A critical component used in Ethernet networks is the transformer. As the interface between the device and the Ethernet cable, it performs a key role: It provides safety-relevant galvanic isolation between digital circuitry, which forms the data link layer for Ethernet systems, and PHY (physical layer) (Fig. 1), which converts digital signals to analog ones. At the same time, the Ethernet transformer is responsible for impedance matching and data transmission. The transmit and receive signals should be attenuated as little as possible.
The transformer consists of four windings, of which two windings are used on the primary side for the digital interface, and the other two windings are on the secondary side connected to twisted pair wires via the RJ45 connector.
The H1190NL transformer from Pulse, which provides 1,500 Vrms or 2,250 V DC electrical isolation as specified by IEEE 802.XX, derived from IEC standard 62368-1, eliminates potential high-voltage exposure caused, for example, by electrical shorts in building wiring. This is accomplished by a magnetic coupling that allows transfer of electrical signals from the primary to the secondary side while providing the required safety function.
Higher quantities and improved quality thanks to automated production
Until quite recently, the amount of manual labor involved in the production of ferrite toroidal core transformers was still relatively high, since the magnet wires had to be connected to the contacts and pins by hand – a time- and cost-intensive process. Further, the risk of impedance mismatch is very high in manual production processes, which can cause a decrease in both the maximum usable bandwidth and the data transmission rate. To meet the increasing demand for transformers while improving component quality, Pulse invested in automated transformer winding equipment for the production of the T-chip series (TC1000/2500/5000/10000) (Fig. 2). The transformers are now wound fully automatically onto a bobbin-shaped core with plated contacts for wire terminations. Another advantage of fully automated production: A visual inspection to ensure correct winding is no longer required.

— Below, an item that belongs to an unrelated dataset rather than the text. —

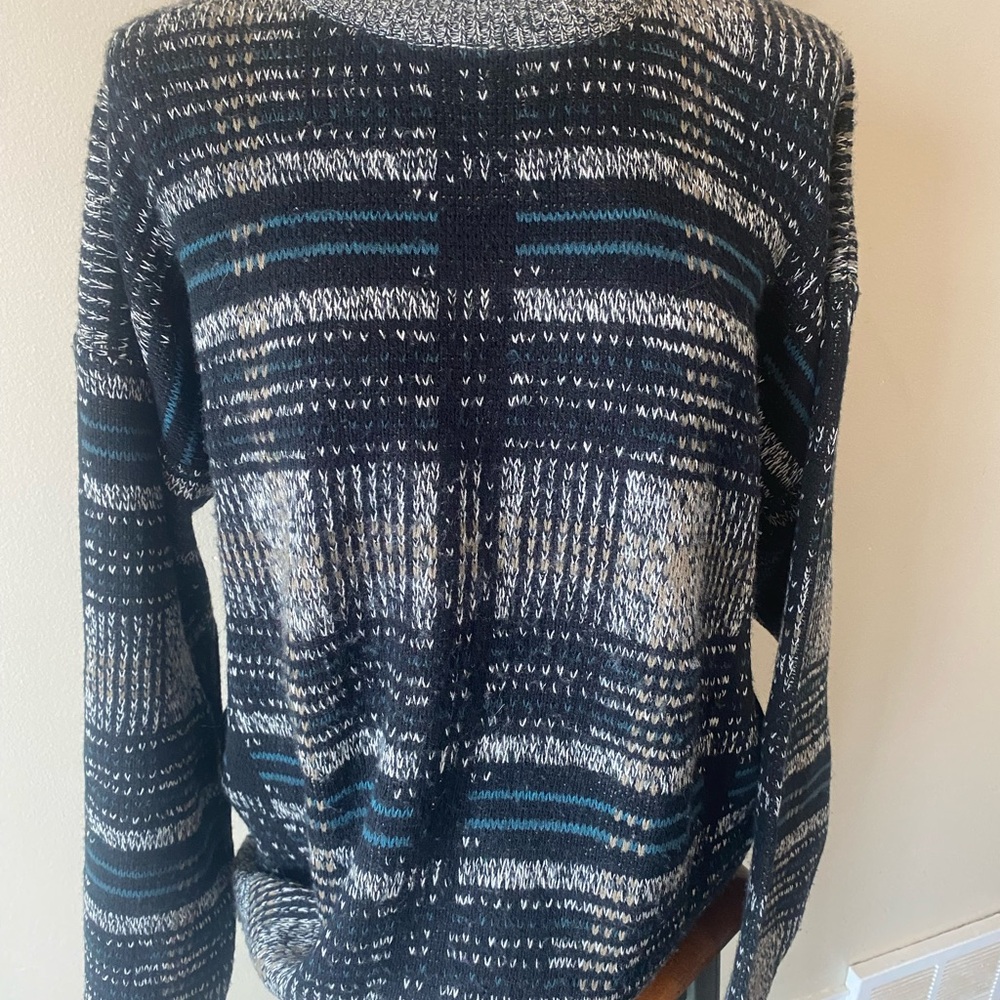 David Taylor Black and Teal Patterned Turtleneck Sweater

In addition to lower costs resulting from shorter production times and improved production yield, the T-chip series transformers offer many other advantages. The technology integrates the mechanical package around the ferrite core, thereby eliminating the need for a plastic housing. The transformers are thus lighter and smaller compared to traditional toroidal core models.
Generally speaking, T-chip transformers support the same data rates as toroidal core designs. Moreover, they meet standards IEE802.3xx for data transmission rates of 100 Mbit/s to 10 Gbit/s and provide up to 600 mA of PoE (power over Ethernet) to power remote end devices.
Quality features of T-chip transformers
In addition to crosstalk, common mode rejection, and return loss, a decisive quality feature of transformers is insertion loss. It describes the loss of transmission power from the power source to the load and represents the transmitted signal power that is lost between input and output. The insertion loss is closely related to the possible range or cable length.
The diagrams in Fig. 3 illustrate the insertion loss of 1 Gbit/s transformers, once with a toroidal and once with a T-chip design. The measurement curves show that LAN transformers with a T-chip design have a reduced scatter of electrical parameters and better values.
T-chip technology enables the production of high-quality Ethernet transformers for a myriad of networking applications. Beside the quality of the components, an EMC or HF-compatible environment and an appropriate PCB layout are crucial factors to guarantee top-quality Ethernet networks.